このところ、指標&最適パラメータ時系列分析に夢中になっていますが、何故これほどまでにこの分析手法を重要視しているかについては、あまり詳しく話していなかったかもしれません。
今回はその辺りの事情について、述べたいと思います。なお、これは今までのコラムの中で語ってきたことの繰り返しに過ぎないことを、お断りしておきます。

最初に、システムが機能するとはどういうことかを考えてみます。それは例えば、資産カーブが将来に渡って上向きでロバストであることかもしれません。
あるいは、期待値が将来に渡ってプラスであることかもしれません。

機能するシステムのイメージは人それぞれでしょうが、システムの現時点までの性能を分析すれば、そのシステムが少なくともこれまで機能していたかどうかは、カーブフィッティングかどうかは別として、判定可能だろうと考えます。

では、システムの将来の振る舞いについてはどうでしょう。これは残念ながら、現時点の性能だけでは判断できません。
現在まで機能しているシステムであっても、明日から突然損失が膨らむようになり、ついには機能しなくなってしまうかもしれません。

では、将来に渡って機能するシステムなどというものは、存在しないのでしょうか?
実はそうとばかりは言えません。それは、生存バイアスの存在にヒントがあります。

例えば、日本国民全員でじゃんけん大会をすることを考えましょう。数字は正確ではありませんが、全人口を仮に1億3421万7728人であるとします。
そして、彼らの誰もが死亡することなく、年に1回ずつただ一人の相手とじゃんけんをします。

それに勝てば、100万円の賞金を貰えると共に、翌年もじゃんけん大会に参加できます。
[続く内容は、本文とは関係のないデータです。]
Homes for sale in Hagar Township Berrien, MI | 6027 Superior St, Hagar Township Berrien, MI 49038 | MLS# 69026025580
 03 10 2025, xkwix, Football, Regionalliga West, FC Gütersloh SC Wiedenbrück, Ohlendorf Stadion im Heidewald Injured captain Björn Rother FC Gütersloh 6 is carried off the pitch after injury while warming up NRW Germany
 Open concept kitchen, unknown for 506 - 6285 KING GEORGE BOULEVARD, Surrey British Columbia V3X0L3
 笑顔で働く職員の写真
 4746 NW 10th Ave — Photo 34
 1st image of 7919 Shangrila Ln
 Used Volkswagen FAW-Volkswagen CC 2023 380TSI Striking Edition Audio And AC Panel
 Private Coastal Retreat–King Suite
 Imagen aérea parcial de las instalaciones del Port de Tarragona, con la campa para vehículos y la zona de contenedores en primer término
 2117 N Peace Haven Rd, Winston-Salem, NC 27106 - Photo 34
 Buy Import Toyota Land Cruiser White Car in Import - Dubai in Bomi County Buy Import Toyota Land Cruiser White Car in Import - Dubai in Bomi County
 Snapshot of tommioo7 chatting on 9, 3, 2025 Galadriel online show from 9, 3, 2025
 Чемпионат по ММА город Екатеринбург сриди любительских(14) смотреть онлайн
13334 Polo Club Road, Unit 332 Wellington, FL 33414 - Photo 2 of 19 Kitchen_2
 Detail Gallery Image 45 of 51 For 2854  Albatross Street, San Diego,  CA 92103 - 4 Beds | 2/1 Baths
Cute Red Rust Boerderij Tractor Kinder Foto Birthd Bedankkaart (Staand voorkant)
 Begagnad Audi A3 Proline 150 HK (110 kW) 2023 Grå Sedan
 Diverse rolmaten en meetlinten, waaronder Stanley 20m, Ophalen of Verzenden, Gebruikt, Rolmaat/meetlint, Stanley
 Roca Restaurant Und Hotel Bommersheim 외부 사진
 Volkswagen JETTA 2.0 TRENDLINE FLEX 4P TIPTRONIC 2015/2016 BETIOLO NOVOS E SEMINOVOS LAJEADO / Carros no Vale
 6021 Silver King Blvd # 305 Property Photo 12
負ければ何も貰えず、以降の大会には参加できません。
そうすると、27連勝する人が必ず一人だけ存在します。また、7連勝が100万人、17連勝が千人も存在します。

この大会のルールが分かっている人にとっては、何てことはない話ですが、もしもルールを理解していない人が、単純に連勝数に着目したら、きっと驚くことでしょう。
例えば、17連勝している人を知ったとしたら、何か必勝法があるのではないかと思ってしまうかもしれません。

ここで重要なのは、17連勝している人の内、その後10年に渡って勝ち続ける人が、必ず一人だけ存在するという事実です。
外馬制度があって、じゃんけん大会参加者の勝者に資金を賭けると、賭け金が2倍になるとすれば、ギャンブラーは誰がじゃんけんが強いかを真剣に考えるでしょう。

第7回大会から外馬制度が導入されるとして、最初に選んだ人を最後まで変えてはならないとしたら、その後20年に渡って資金を増やし続ける人が出てくるかもしれません。
しかし、翌年にはすぐに負けて資金を失ってしまう人も、多く出てくるかもしれません。

慎重な人は、最初の3回は分析に注力し、10回大会から参加するかもしれません。それまでに何人か候補者を選び、彼らの戦いを分析した上で、残った勝者の一人に賭ける訳です。
はたしてそれは、有利な戦略なのでしょうか?もうお分かりのように、この戦略に優位性はありません。いつから参加しても、1回当たりの期待値は変わりません。

何が言いたいのか、既にお気付きのことと思いますが、じゃんけん大会の参加者をトレーディングシステム、外馬をトレーダーとすれば、「エッジのない」システムの実情を、回りくどく例えているに過ぎないわけです。

エッジのないシステムであっても、運用開始後何10年にも渡って機能するシステムは存在するかもしれません。
しかし、そのようなシステムを見つけ出す方法は、残念ながら存在しません。

例えば、無限のパラメータの組み合わせを有するシステムであれば、その内のいくつかは長期に渡って機能するでしょう。
もしも、そのパラメータを見つけることが出来るならば、それは長期に渡って機能するシステムを見つけることと同義になります。

もちろん、エッジのないシステムの場合は、そのようなパラメータを見つける為には、偶然に頼るしかありません。
しかし、「エッジのある」システムであれば、そのようなパラメータを見出す方法が存在するかもしれません。

そのようなパラメータとは、どのような要件を満たしているのでしょう?

将来に渡って機能するシステムが、想定するパラメータ群に存在する場合、そのパラメータは不変でなければなりません。
また、現時点においてあるパラメータが機能している場合、少なくともそのパラメータが長期に渡って存続するだろうことを予見されなければなりません。

すなわち、そのパラメータを有するシステムの性能が一定程度以上であることに加え、そのパラメータそのものが長く最適でなければならないわけです。
そして、それを探る手段の一つが、最適パラメータの時系列分析ということになります。

システムの運用成績は、パラメータのちょっとの違いによって大きく異なってきます。最適パラメータが時期によって大きく異なるシステムは、安定したシステムとは言えません。
もちろん、時期によってダイナミックにパラメータを変更する戦略も考えられますが、そのためには、それを正当化する、より上位のシステムが必要です。

当然のことながら、その上位システムもまた、その機能性を問われることになります。それがファンダメンタルに裏打ちされた強固なシステムであれば良いのですが、そうでない場合は、結局、単なる問題の先送りになってしまいます。

個人的には、ダイナミックなパラメータ(システム)変更には慎重であるべきだと考えています。それよりは、むしろスタティックなパラメータの安定性を追及する方が先決です。
今までは、そのための現実的な道具がほとんどない状態でしたが、ようやくそれを手に入れることができました。

最適パラメータの時系列分析はまだ始まったばかりで、今後どのような結論が得られるかは分かりません。
全く有意性が見いだせないかもしれませんし、素晴らしい発見があるかもしれません。いずれにしましても、今後の検討を急ぎたいと思います。